Last year our Chicago Chapter organized the #HonorHerLabor Gallery Pop-up Event to pay honor, respect, and acknowledgement to the often unappreciated and unspoken labor of Black women and femmes. They additionally held a letter-writing event, led by Cosette Hampton, where participants wrote letters to incarcerated Black women. Each letter recipient received $100 to put on their commissary. Chicago Chapter also hosted a #SayHerName week of actions and events.


​The Obama Presidential Center is coming to Chicago — which unfortunately could mean displacing longtime residents. The Community Benefits Agreement (CBA) Coalition, of which Chicago Chapter is a part, aims to mitigate this by demanding the construction of jobs for community residents, the protection of low-income housing and home owners, a property tax freeze for long-term residents, the support and creation of Black businesses, and the strengthening of neighborhood schools. Last year, In their work for this resolution, Chicago Chapter collaborated with Southside Together Organizing for Power (STOP) and Kenwood Oakland Community Organization (KOCO) to put on the Obama CBA Summit — which over 300 people attended. The Chicago Chapter also led a street-teaming event for the Obama CBA, as well as a rally to stop displacement by the University of Chicago and Obama Center.
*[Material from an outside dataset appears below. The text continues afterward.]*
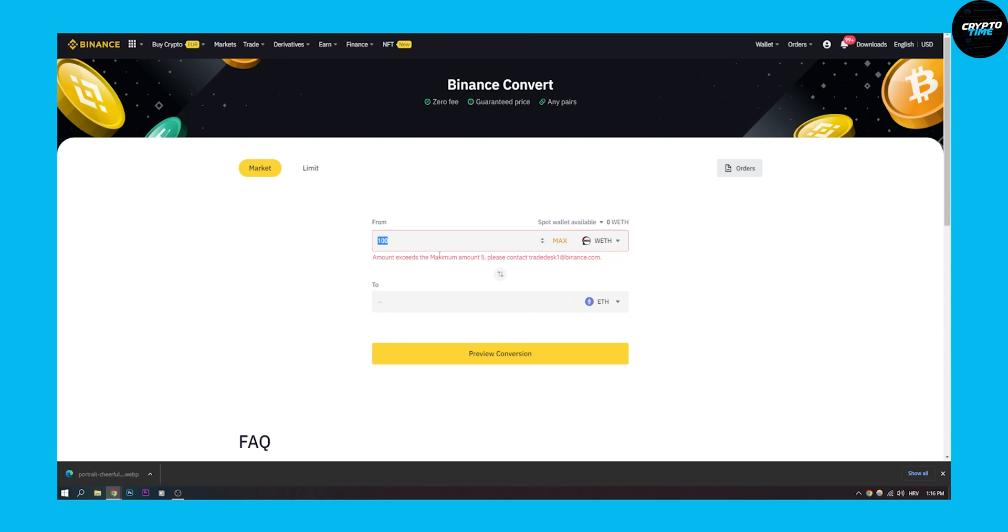So if it exceeds five you can't do it, and yeah this is the only way to do it right now on Binance. So I hope you enjoy this video, I hope you find it helpful.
Chicago's City Council is in the process of pushing for a $95 million police academy, rather than investing in education, employment, and resources for the community. Last year, the Chicago Chapter took over city hall along with organizations such as Assata's Daughters and the People's Response Team to protest against the police academy and the Fraternal Order of Police. BYP100 Chicago held a city-wide gang database teach-in with Organizing Communities Against Deportations (OCAD). Chicago Chapter also engaged in multiple actions and demonstrations for Laquan McDonald who was murdered by CPD’s Jason Van Dyke. Laquan was shot 16 times, and the Chicago mayor, State’s Attorney Anita Alvarez, and others played a huge role in covering up the tape.